Se anticipaba, según el autor y el caso, el crecimiento o la reducción del rol del estado; el ocaso del capitalismo o su resurgimiento; el despertar del espíritu solidario o la exacerbación del egoísmo, o alguna otra de las muchas oposiciones que vemos a nuestro alrededor y que, en general, son más difíciles de resolver de lo que nos gustaría.
Y era casi inevitable que, en esas disquisiciones, se colaran algunas vinculadas a la naturaleza y a los modos en que nos vinculamos con ella.

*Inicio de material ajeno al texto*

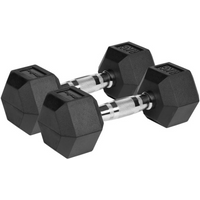 REBEL ACTIVE CAST IRON RUBBER-COATED HEX DUMBBELLS 2X8KG RBA-2325-08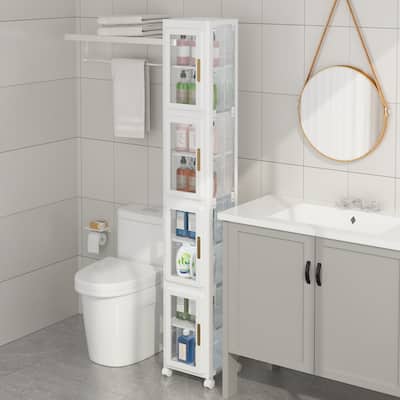 Slim Bathroom Storage Bins Movable Wheels, Tall Narrow Bathroom Storage Cabinet with Transparent Doors and Adjustable Shelf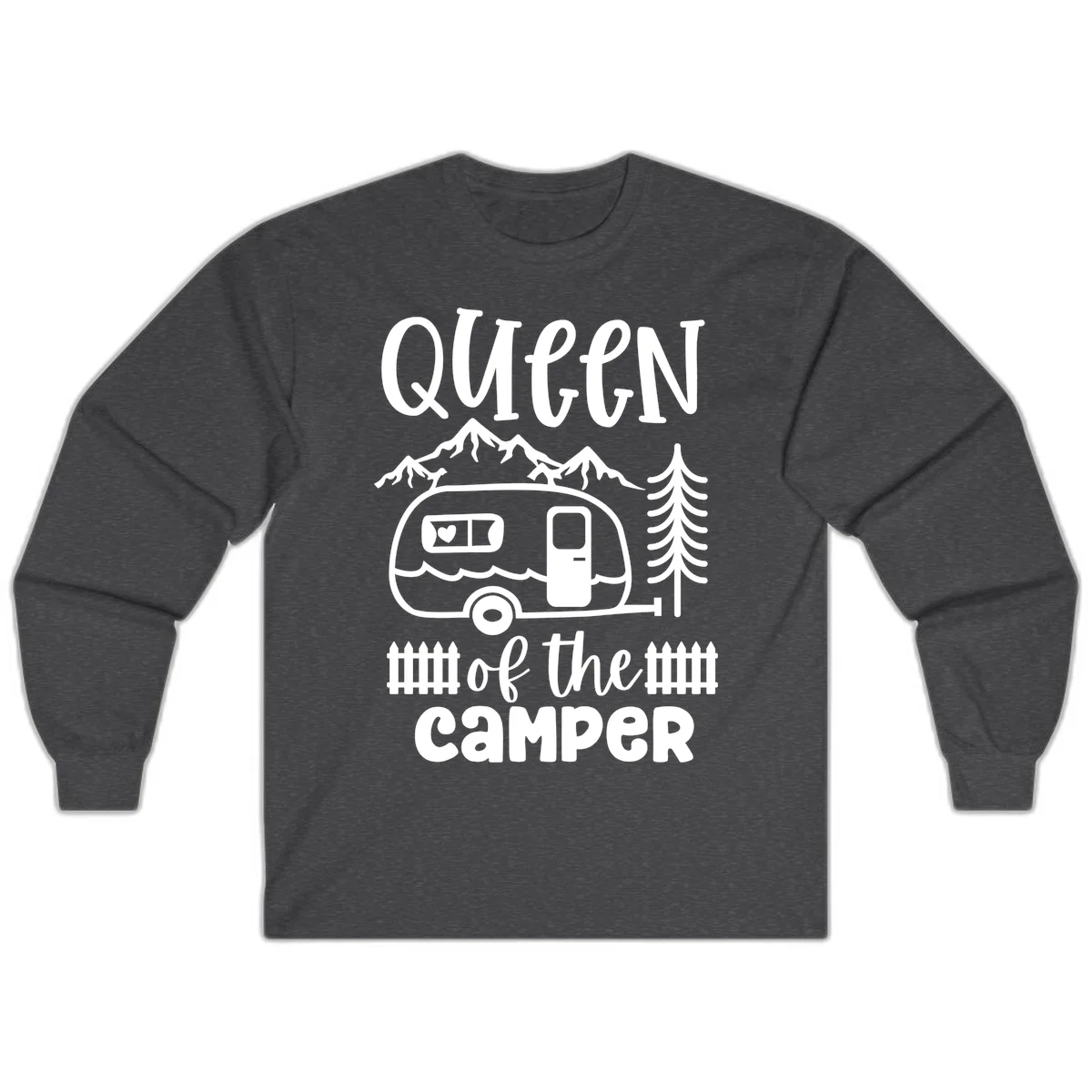 Queen of the Camper design featuring vintage trailer, mountains, and evergreen trees with bold text in Dark Heather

Así, de pronto, nos vimos sumergidos en una serie de discusiones acerca del papel que les había tocado a los murciélagos, a los pangolines o a alguna otra de las especies que se pueden encontrar en los mercados mojados de Wuhan, y para el caso, de los territorios en que vive cerca de la cuarta parte de la población mundial. Y, a escala local, las más diversas hipótesis acerca del peligro que podían representar nuestros perros y gatos.
Un poco después, pero ahora ya con un sentido distinto, empezamos a recibir noticias acerca de los efectos beneficiosos que provocaba nuestro encierro. De pronto, las ciudades eran visitadas por pumas, cabras, monos, osos elefantes, renos y medusas, que parecían empeñados en recordarnos eso de que no hay espacios vacíos, y que, si nosotros nos retirábamos, ahí estaban ellos, dispuestos a remplazarnos.
Parecía quedar demostrado que, si la mayor parte de nosotros nos quedábamos en casa, no solo evitábamos los contagios (¿?) sino que, además, generábamos un ambiente casi paradisíaco en el que los animales y nosotros podíamos convivir armoniosamente.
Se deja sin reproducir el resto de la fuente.